What you write must be the lines from the one holding "Керамогранит бежевый 60х60" through the final line of the records below, reproduced exactly, minus the pictures.

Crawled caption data
○ ○ ○ ○

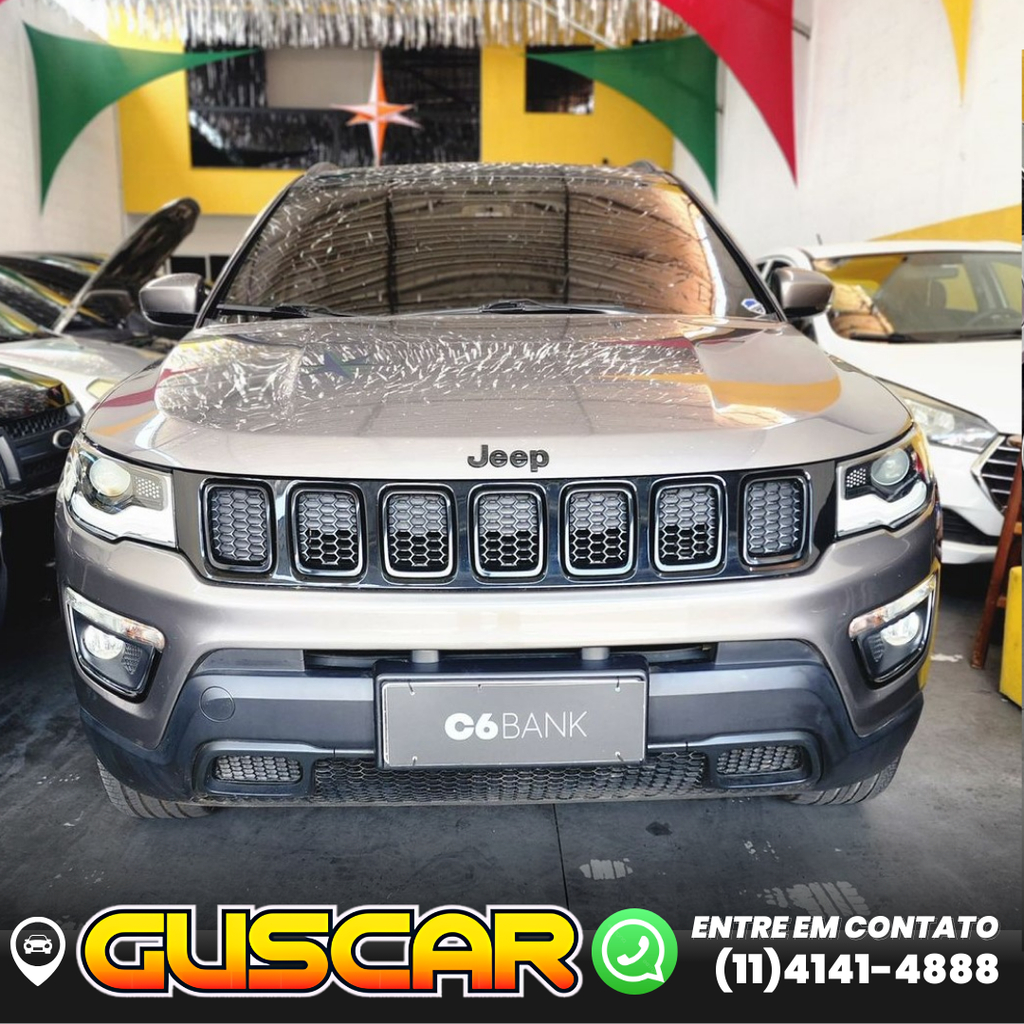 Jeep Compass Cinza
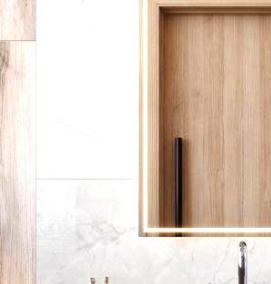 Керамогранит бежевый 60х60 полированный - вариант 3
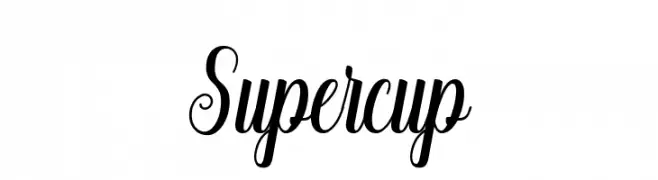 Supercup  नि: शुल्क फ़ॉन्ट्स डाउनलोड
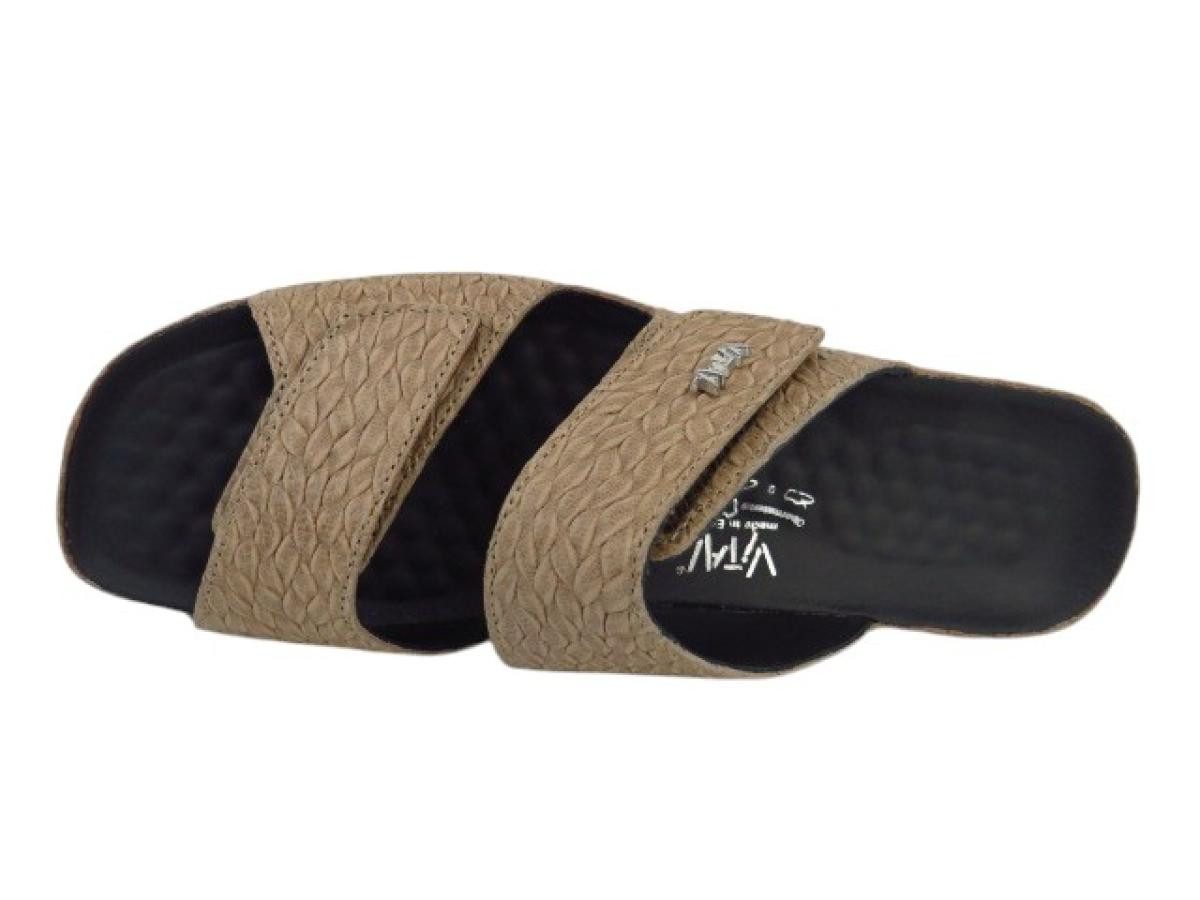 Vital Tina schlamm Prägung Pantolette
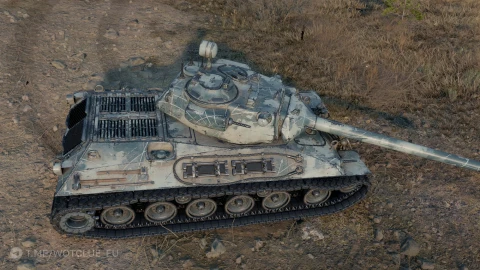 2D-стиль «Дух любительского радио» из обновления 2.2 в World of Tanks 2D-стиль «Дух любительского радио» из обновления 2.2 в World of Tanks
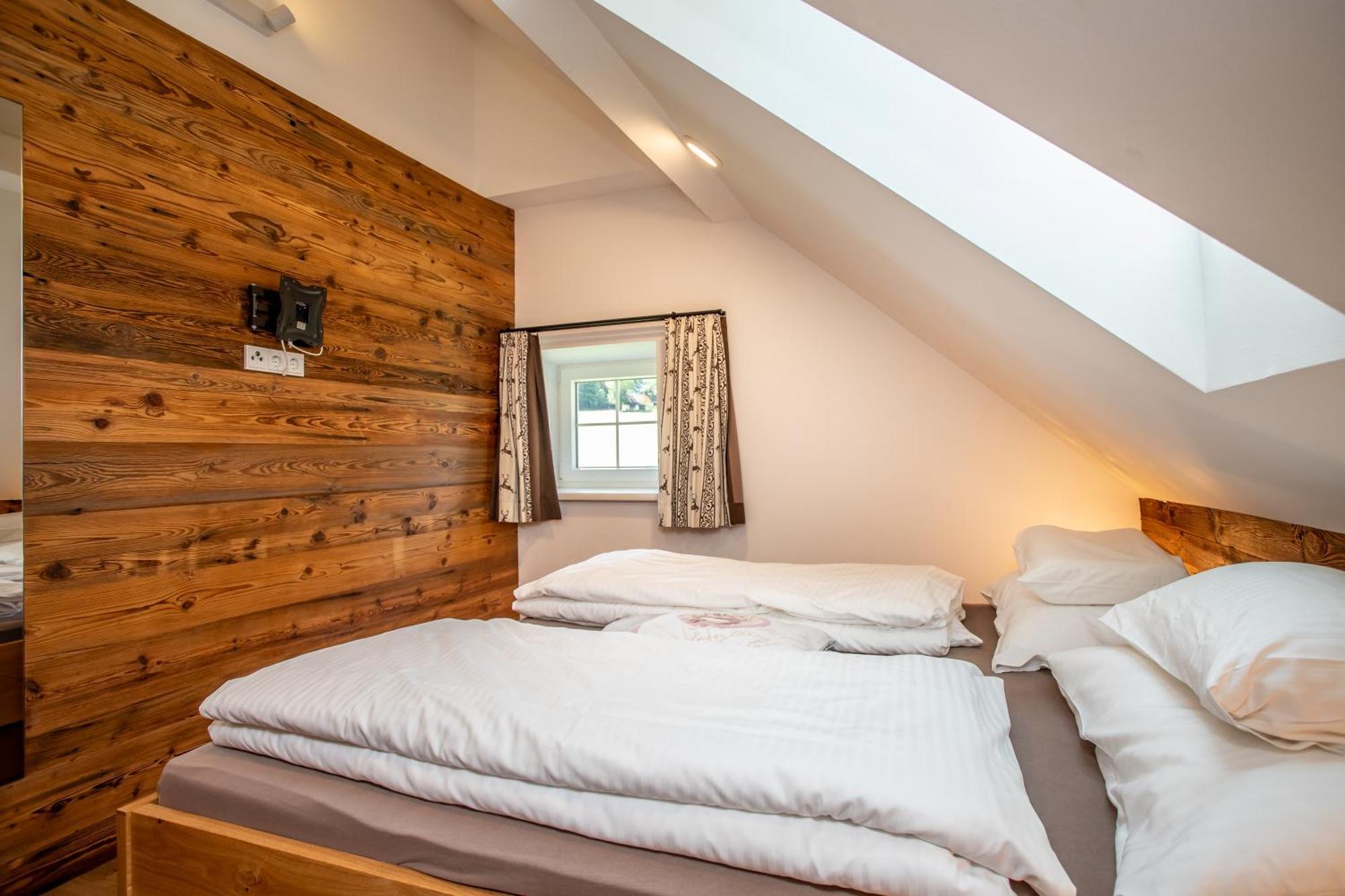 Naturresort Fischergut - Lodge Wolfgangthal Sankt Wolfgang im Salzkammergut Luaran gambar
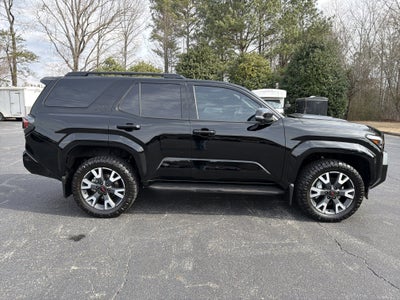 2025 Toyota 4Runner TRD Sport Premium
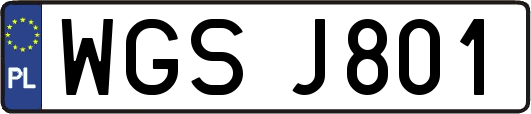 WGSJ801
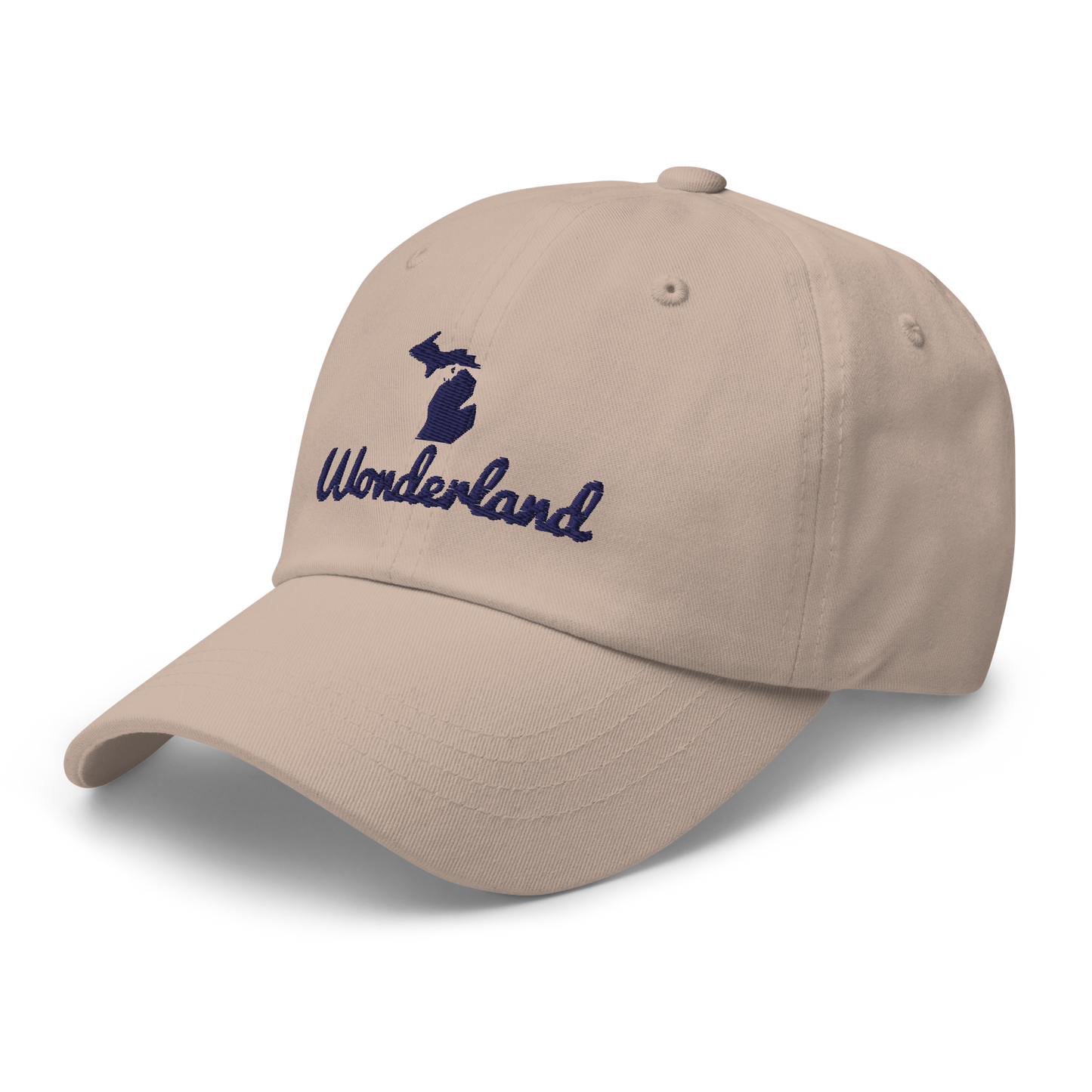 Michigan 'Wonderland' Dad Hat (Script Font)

○ ○ ○ ○

Written reply:
 Керамогранит бежевый 60х60 полированный - вариант 3
 Supercup  नि: शुल्क फ़ॉन्ट्स डाउनलोड
 Vital Tina schlamm Prägung Pantolette
 2D-стиль «Дух любительского радио» из обновления 2.2 в World of Tanks 2D-стиль «Дух любительского радио» из обновления 2.2 в World of Tanks
 Naturresort Fischergut - Lodge Wolfgangthal Sankt Wolfgang im Salzkammergut Luaran gambar
 2025 Toyota 4Runner TRD Sport Premium
 WGSJ801
 Michigan 'Wonderland' Dad Hat (Script Font)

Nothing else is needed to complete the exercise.